Task directions —
Set down a true copy of the data, with all pictures left out.

=======

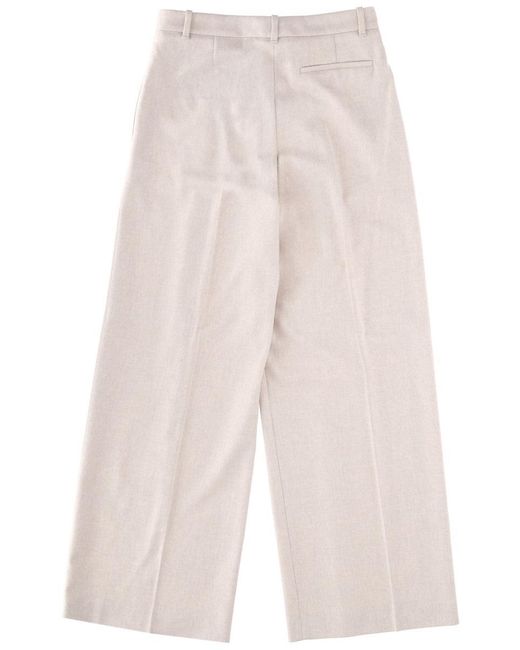 Boss White Pants "Tiana"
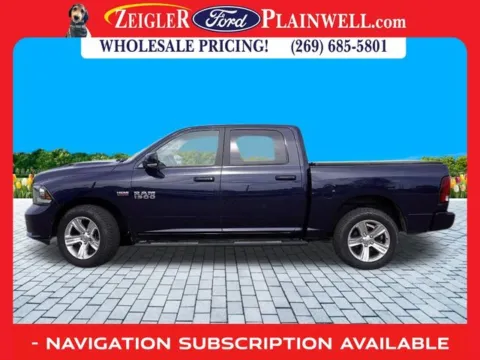 Photos of 2017 Ram 1500 Sport for sale in Plainwell, MI at Zeigler Ford of Plainwell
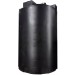 5000 Gallon Black Vertical Water Storage Tank
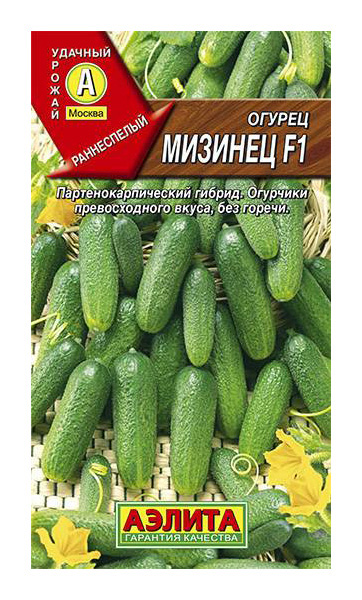 

Семена огурец Аэлита Мизинец F1 00-00592990 1 уп.
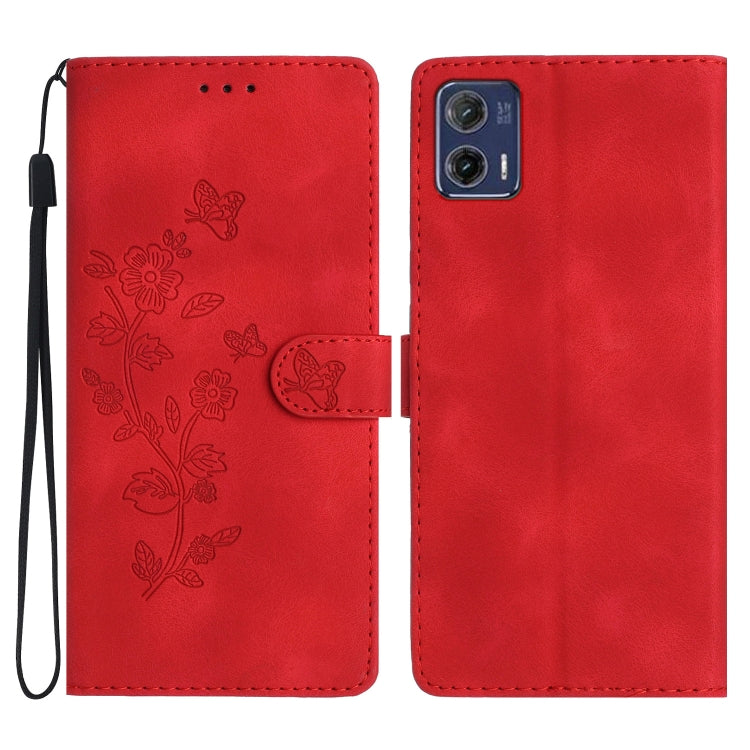 Flower Butterfly Embossing Pattern Leather Phone Case, Series 3 My Store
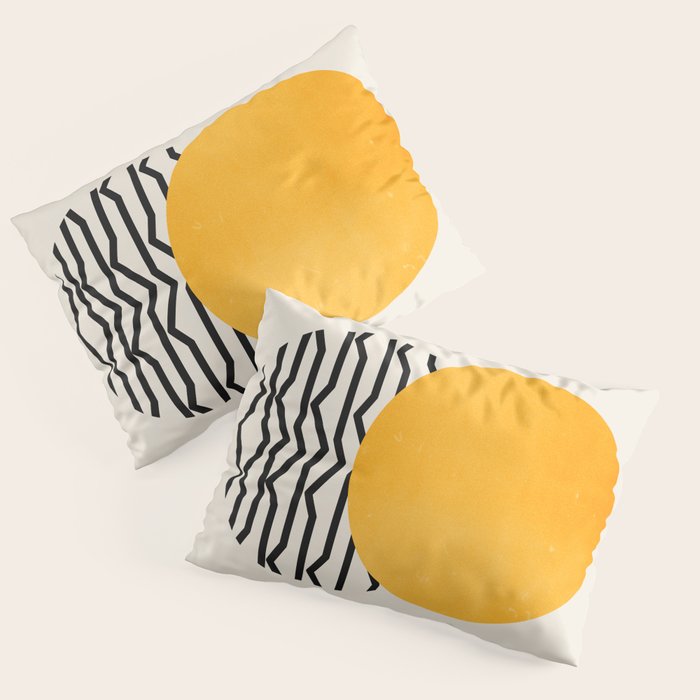 Sun & Ripples Pillow Sham Gallery Image 3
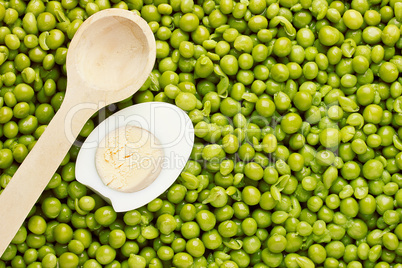 Eggs and Peas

=======

Answer below —
 Boss White Pants "Tiana"
 Photos of 2017 Ram 1500 Sport for sale in Plainwell, MI at Zeigler Ford of Plainwell
 5000 Gallon Black Vertical Water Storage Tank

Семена огурец Аэлита Мизинец F1 00-00592990 1 уп.
 Flower Butterfly Embossing Pattern Leather Phone Case, Series 3 My Store
 Sun & Ripples Pillow Sham Gallery Image 3
 Eggs and Peas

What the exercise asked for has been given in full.